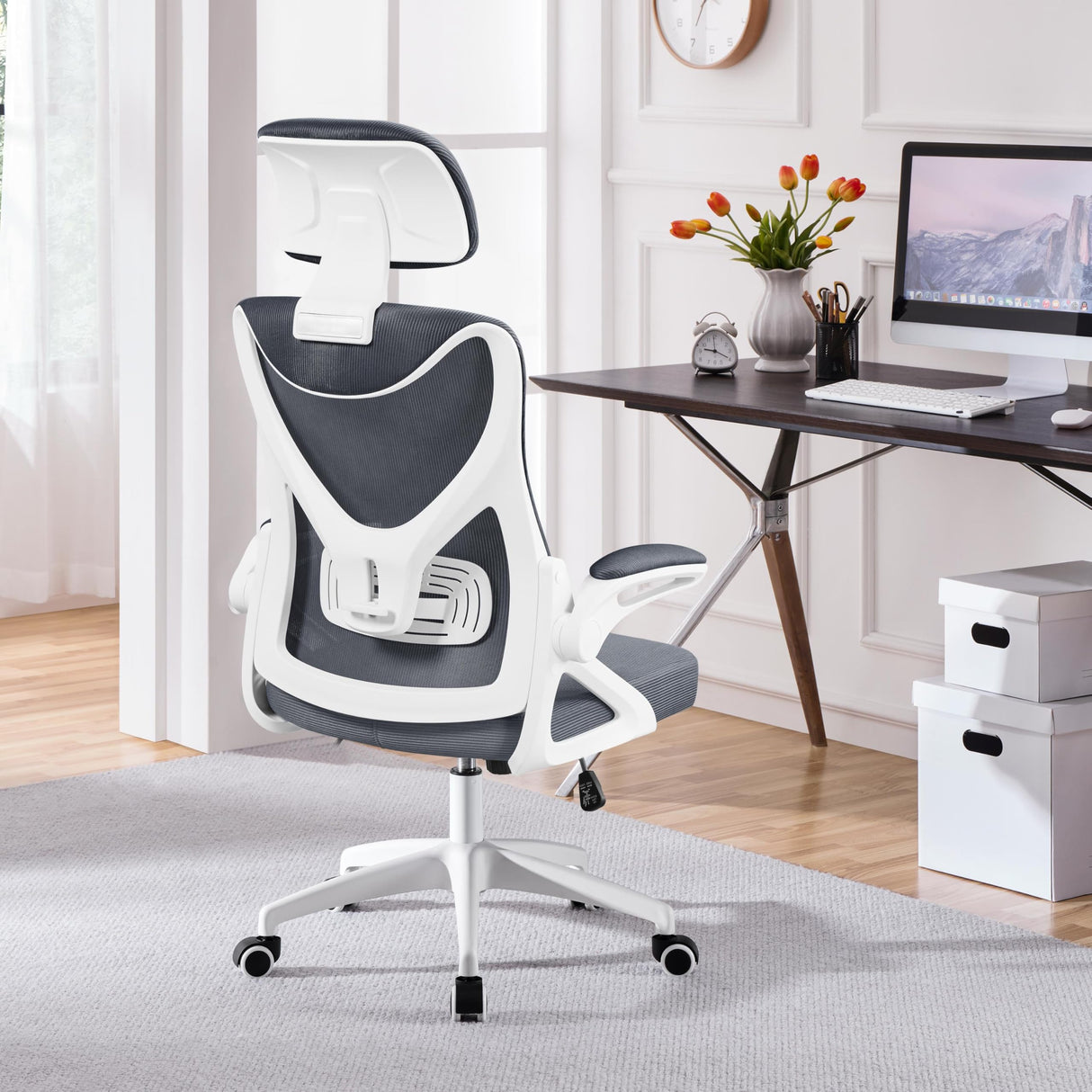 Ergonomic Mesh Office Chair, High Back Computer Chair with Flip-up Armrest Adjustable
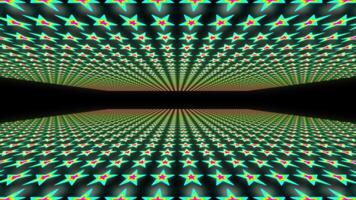 A motion graphic of star shaped objects with a bright neon glow inside a space video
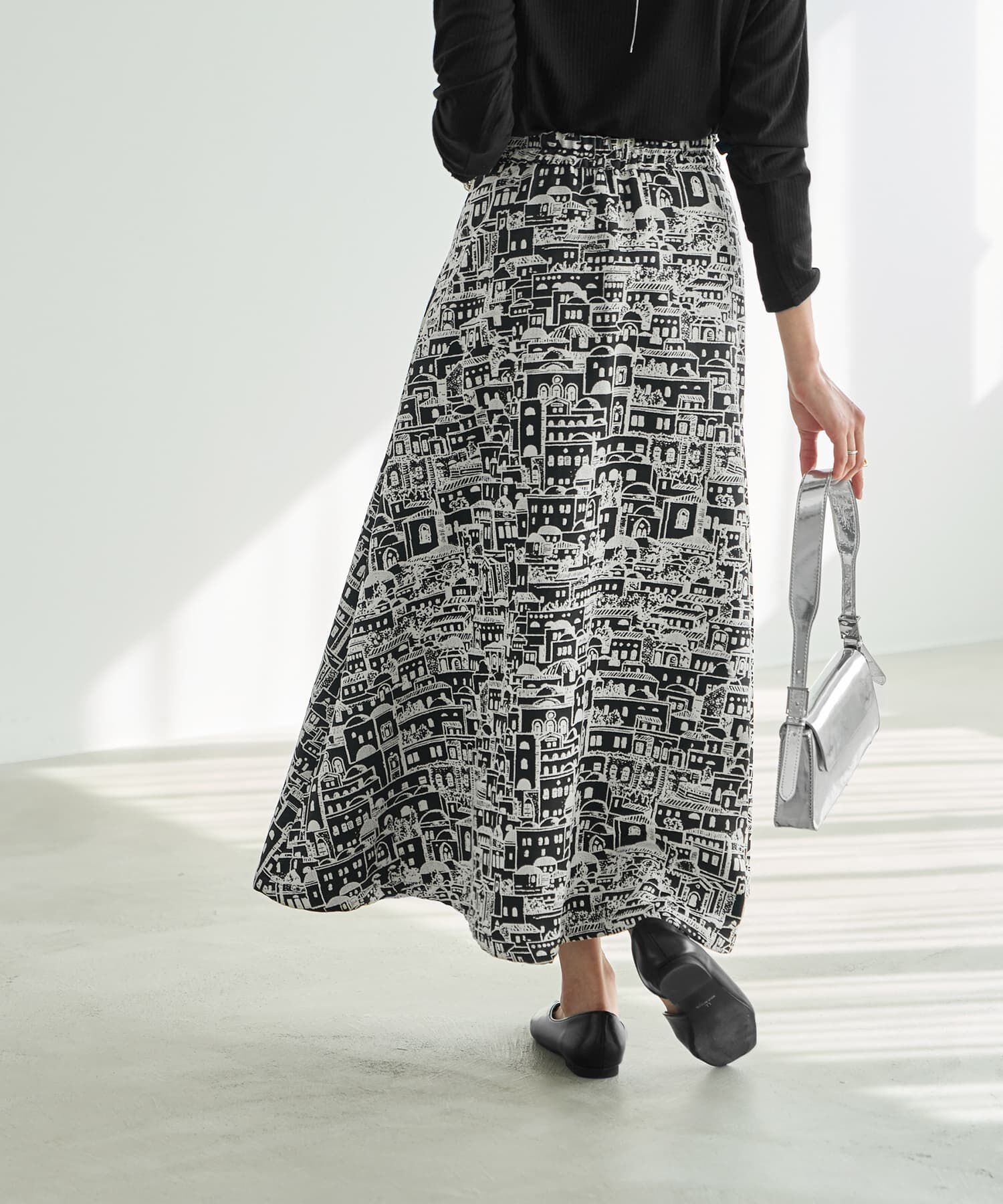 STYLE DELI「ジャガード2トーンシティ柄フレアスカート」|スカート|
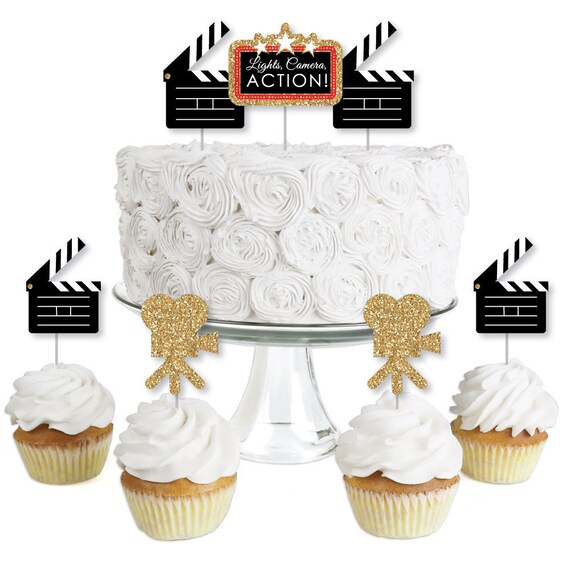 Red Carpet Hollywood - Dessert Cupcake Toppers - Movie Night Party Clear Treat Picks - Red Carpet Event Party Supplies - Set of 24 Il_570xn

•••••

(EXERCISE BRIEF):
Repeat the listing exactly, pictures excluded.

(REPLY TO THE EXERCISE):
 Ergonomic Mesh Office Chair, High Back Computer Chair with Flip-up Armrest Adjustable
 A motion graphic of star shaped objects with a bright neon glow inside a space video
 STYLE DELI「ジャガード2トーンシティ柄フレアスカート」|スカート|
 Red Carpet Hollywood - Dessert Cupcake Toppers - Movie Night Party Clear Treat Picks - Red Carpet Event Party Supplies - Set of 24 Il_570xn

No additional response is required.